§ PROVIDED MATERIAL:
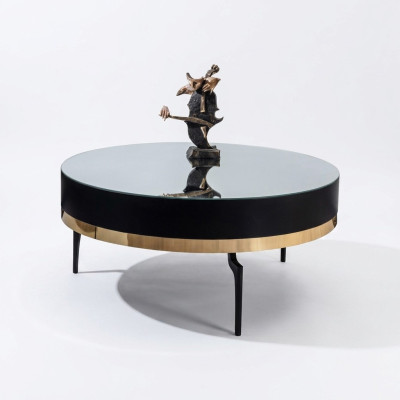 Salontafel Luxe Design Tafel Koffie Bijzettafels Woonkamer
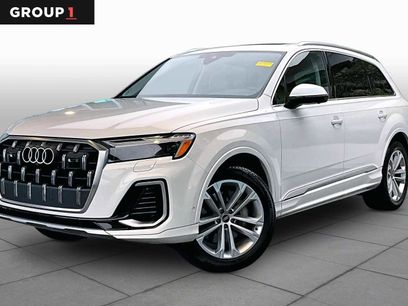 Used 2025 Audi Q7 2.0T Premium w/ Convenience Package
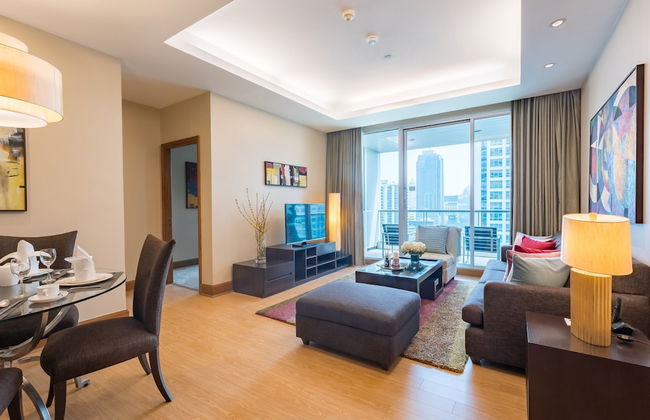 Ascott Sathorn Bangkok - Foto 55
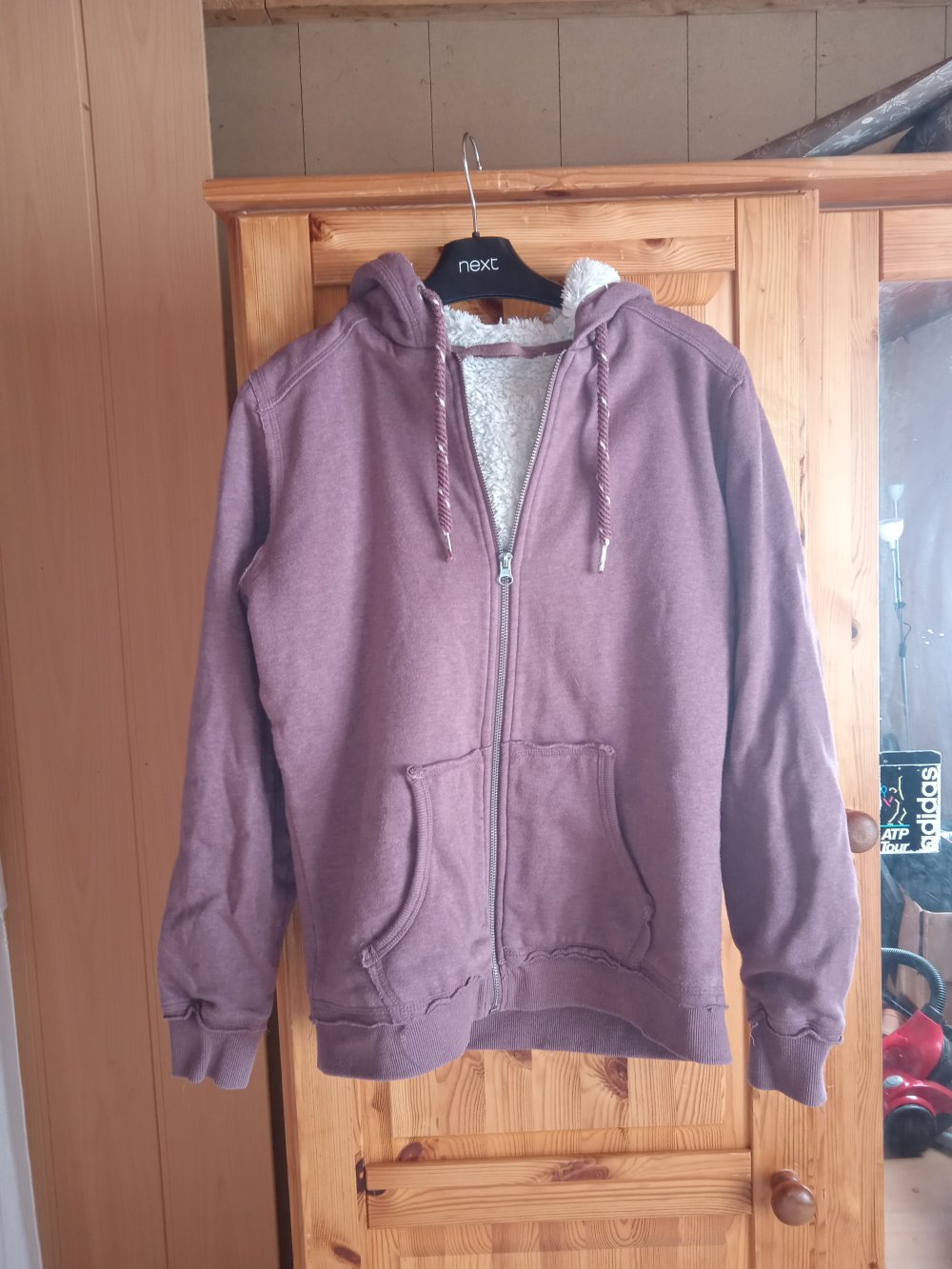 New Yorker Sweatjacke Größe xs neuwertig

§ WORK TO BE COMPLETED: I would like the lines from the one with "Ascott Sathorn Bangkok - Foto 55" through the last line of the data above retyped exactly, with pictures left out, please.

§ ANSWER TO THIS EXERCISE:
 Ascott Sathorn Bangkok - Foto 55
 New Yorker Sweatjacke Größe xs neuwertig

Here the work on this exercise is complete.